Construida por el escultor español Antonio Navarro Santafé e inaugurada en 1967, la Estatua del Oso y el Madroño representa uno de los símbolos más importantes y significativos de la ciudad de Madrid; de hecho, es la figura que exhibe su escudo desde hace unos cuantos siglos. Para la capital española, esta insignia data de muchísimo tiempo atrás. En la misma Edad Media, el oso ya estaba relacionado con la ciudad, cuyos alrededores albergaban una gran cantidad de estos animales. Por su parte, el madroño, una especie de árbol o arbusto característico de la zona mediterránea, se instala en la cultura madrileña a partir de un convenio que se lleva a cabo -después de un extenso litigio- entre la Villa de Madrid y la Iglesia, en el año 1222, para acordar cómo repartir las tierras correspondientes a algunas áreas cercanas a Madrid.

Si bien existe más de una representación en torno a esta imagen, la estatua ubicada en la Puerta del Sol, sitio emblemático de la ciudad, constituye la de mayor envergadura y tradición. Se trata de un trabajo realizado en piedra y bronce, con una altura de cuatro metros y un peso que ronda las 20 toneladas, emplazado sobre un pedestal cúbico de granito. Para su estreno fue dispuesta en el sector este de la Puerta del Sol y en 1986 debió ser trasladada por diversas obras de refacción que se efectuaron en la plaza. Sin embargo, en 2009 fue colocada nuevamente en su lugar original, donde yace en la actualidad.

Punto de encuentro para los locales y gran atractivo para los visitantes, la Estatua del Oso y el Madroño es una de las más fieles y realistas representaciones de las armas heráldicas de Madrid. Antes del citado conflicto protagonizado por la Villa de Madrid y la Iglesia, el escudo de la capital española estaba conformado por un oso pasante. Tras el mencionado pleito, en el que se discutió a raíz de una serie de pastos y arboledas, el Cabildo (que se quedó con los pastos) comenzó a utilizar al oso pasante como insignia. Y el Concejo de Madrid, que obtuvo los árboles, decidió que su emblema de distinción estuviera compuesto por un oso erguido, con sus patas traseras sobre el suelo y las delanteras, apoyadas en el madroño frutado.

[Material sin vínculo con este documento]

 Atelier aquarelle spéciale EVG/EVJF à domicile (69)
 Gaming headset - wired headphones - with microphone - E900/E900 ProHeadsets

Desde ese entonces, allá por el siglo XIII, la esencia del escudo madrileño es establecida por la imagen anteriormente descrita. Y aunque la estatua situada en la Puerta del Sol, concretamente entre la Calle de Alcalá y la Carrera de San Jerónimo, sea bastante nueva (sobre todo si se tiene en cuenta la antigüedad de su simbolismo y de otros tantos elementos de la cultura de Madrid), actualmente es una de las atracciones ineludibles para los incontables turistas que visitan cada año esta encantadora ciudad y que difícilmente pasen por allí sin tomarse una fotografía para el recuerdo.